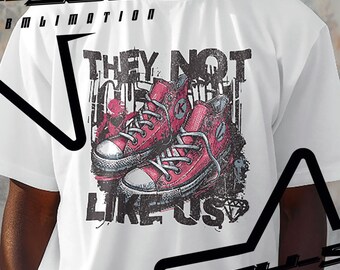May include: A white t-shirt with a graphic print of red and white sneakers with the text "They Not Cute Like Us" and the text "WOBY-SOBY Art & Sublimation" on the front.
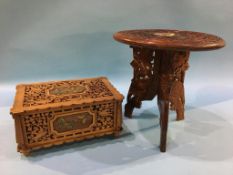 A walnut pierced casket, decorated with applied enamelled butterflies, 30 x 19cm and a small folding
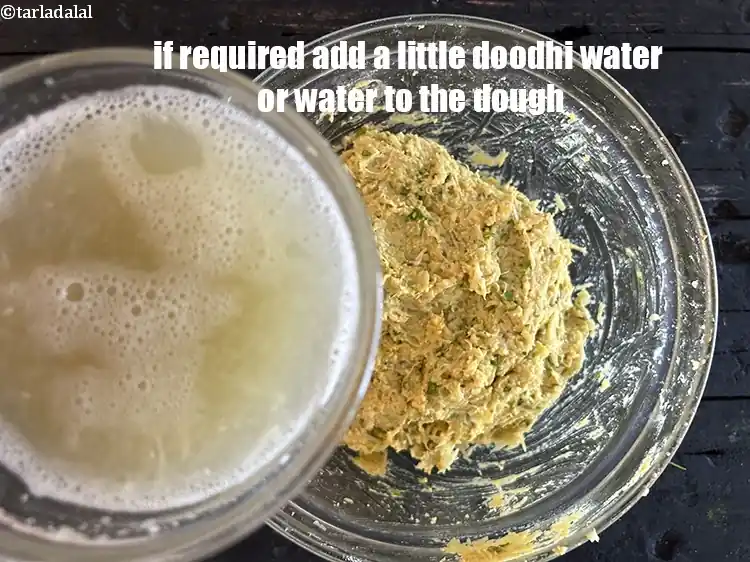 Step 18 – <p>If required add a little of the doodhi water or water to the dough.</p>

◆ Activity
Please retype the whole listing above word for word and drop the pictures.

◆ Task response
May include: A white t-shirt with a graphic print of red and white sneakers with the text "They Not Cute Like Us" and the text "WOBY-SOBY Art & Sublimation" on the front.
 A walnut pierced casket, decorated with applied enamelled butterflies, 30 x 19cm and a small folding
 Step 18 – <p>If required add a little of the doodhi water or water to the dough.</p>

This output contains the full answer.